In the Chancellor’s spending review, Minister Sajid Javid said: “…the government is providing £160 million to farmers and land managers in Scotland in relation to historic allocations of Common Agricultural Policy ‘convergence’ funding.”
This is the largest uplift in Scottish agricultural funding in memory and is confirmation of the commitment that the Prime Minister Boris Johnson made to NFU Scotland in writing during his election campaign. And following pressure from NFUS, the Scottish Government has confirmed that this uplift will remain ringfenced to agricultural priorities.

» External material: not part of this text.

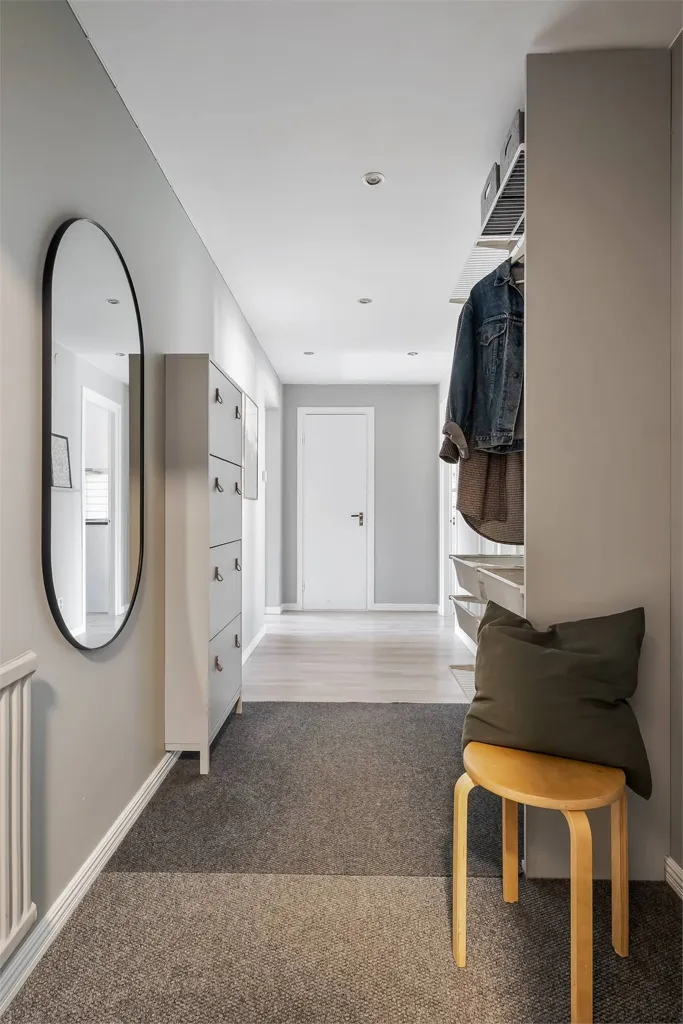 Entrée - Modern Flat with South-Facing Balcony in Västerhaninge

An emergency meeting of NFU Scotland’s Board of Directors will discuss the Union’s preference in how it believes this massive uplift in funding should be allocated to best benefit Scottish farming and crofting. The Union will then raise the outcome of those discussions with Scottish Government.
A review carried out by Lord Bew into future intra-government funding allocations for agriculture has still to be published. NFU Scotland believes Scotland’s future funding allocation must also take this landmark decision from the Chancellor into account and deliver a similar uplift to our annual agricultural budget.
NFU Scotland president, Andrew McCornick said: “A fundamental wrong has finally been corrected.
“For the past six years, we have argued long and hard for the convergence funding injustice to be addressed.
“The long-standing view of NFU Scotland is that it was exclusively as a result of Scotland’s low CAP support payment rate per hectare that the UK was awarded the convergence uplift of £190 million in 2013 as part of the European reforms of the CAP. The UK Government chose to share this dividend across the whole of the UK based on historic allocations, seeing only £30 million awarded to Scotland, a decision that was deeply flawed.
“Today’s landmark announcement recognises the historic injustice in allocation of monies and, since 2013, numerous DEFRA Ministers have regularly attended NFUS events and promised a review.
“That review of future intra-government funding allocations, carried out by Lord Bew, is awaiting publication and it is our expectation that the forthcoming conclusions will ensure that fairness underpins any future funding settlement for agriculture from now and beyond Brexit.
“The £160 million represents the biggest single uplift in agricultural funding in memory and is a genuine victory for NFUS lobbying, supported by many other allies.
“In terms of how NFU Scotland believes the funding should be allocated, we will call an emergency meeting of our Board of Directors to finalise our views before discussing the outcomes further with the Scottish Government.
“This is a red-letter day for NFU Scotland lobbying.”